The seasonal cycles of chla and SST were generally in phase, with minima in both occurring during September in the higher chla region to the northeast of the PEIs (Figure 5b). Peak chla in December was associated with somewhat lower average SSTs, while the secondary chla peak in January and February corresponded to maximum SSTs (Figure 5b). Across most of the PEI region, the relationship between monthly SST and chla was statistically significant and positive (Figure 6b). In contrast, regions south of 48° S and east of 42° E showed no significant correlations between SST and chla, and in fact, correlations were negative in small areas east of 42° E (Figure 6b).
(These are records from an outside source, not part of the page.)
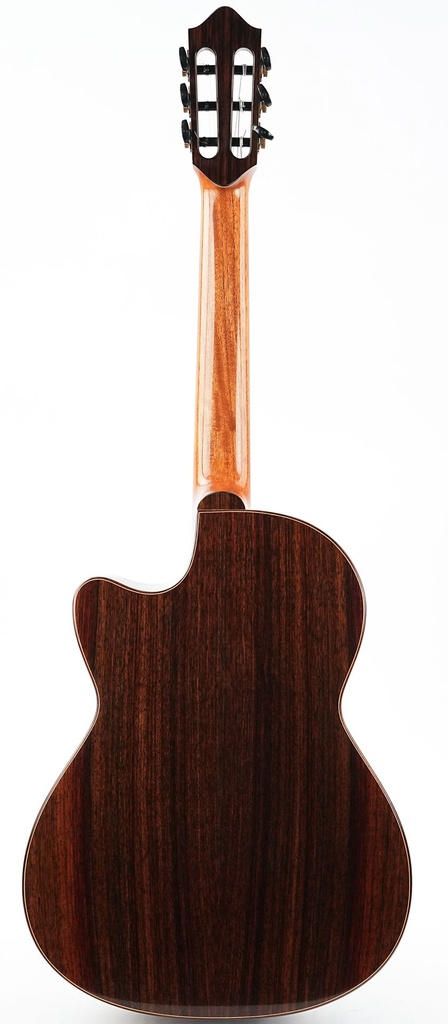 Sergei de Jonge Nylon Crossover Indian Rosewood Adirondack 2023-7.jpg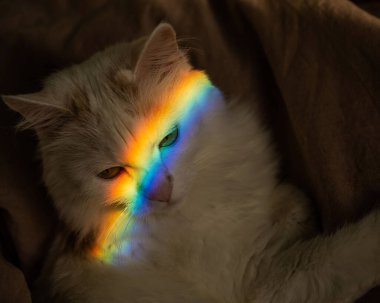 Yüzünde gökkuşağı olan beyaz tüylü bir kedi yatak odasında yatıyor..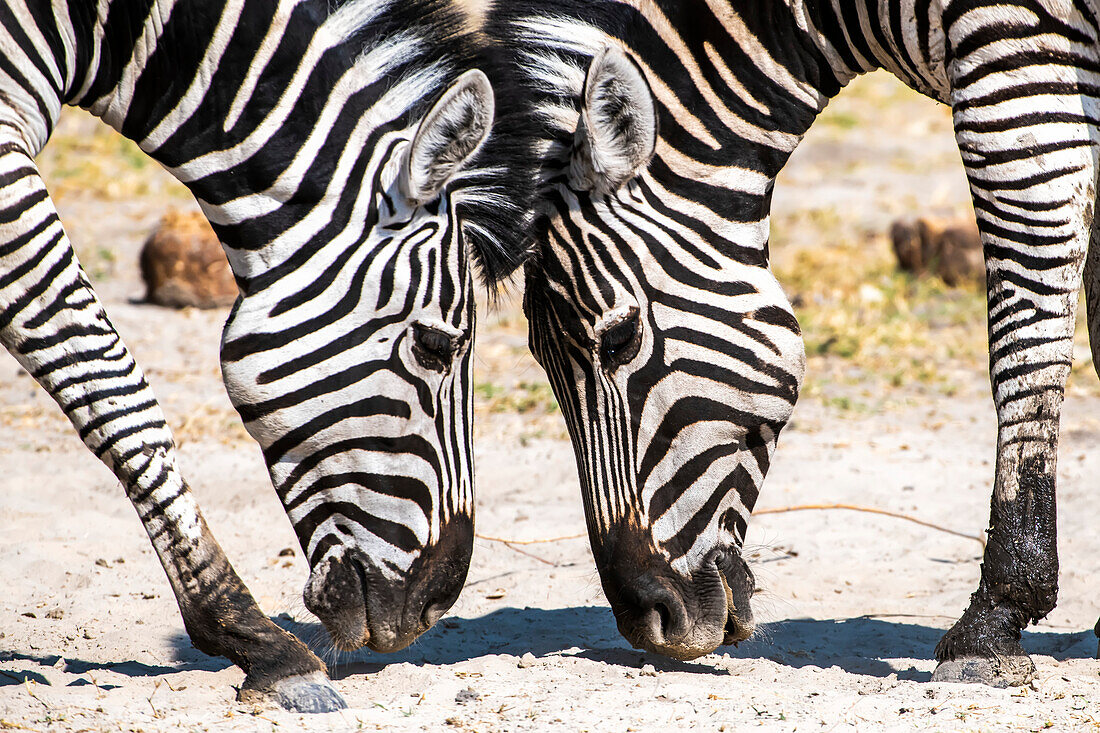 Paar Steppenzebras (Equus burchelli) Auge in Auge mit ihren Nasen auf dem Boden; Afrika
Although the correlations with SST (Figure 6b) were generally lower than with PAR (Figure 6a), the highest values (>0.4) were once again observed in a small region on the PEI shelf and to the northeast of the islands. Stronger correlations between SST and chla were also evident around 44° S, likely associated with hydrographic variability near the M-SAF [11].
Since most previous studies around the PEIs have focused on describing nutrient distributions during specific autumn and summer cruises ([32,36], among others), we have examined gridded monthly climatologies of nitrate (Figure 7), silicate (Figure 8), and phosphate (Figure S8) from the WOA 2018 to better understand the seasonal nutrient changes in relation to chla variability around the PEIs. Nitrate (Figure 7), silicate (Figure 8), and phosphate (Figure S8) all showed a similar meridional gradient with lower concentrations in the northern part of the region, and elevated values to the south of the N-APF. While nitrate concentrations remained elevated (>15 µmol kg−1) throughout the year, spring and summer values were somewhat elevated compared to other seasons (Figure 7). A similar seasonal cycle was evident for silicate (Figure 8) and phosphate (Figure S8), but silicate concentrations were substantially lower (<5 µmol kg−1) toward the end of summer and during autumn. Correlations between nutrients and chla were weak and statistically insignificant (not shown), likely due to the coarse spatial resolution of the nutrient observations.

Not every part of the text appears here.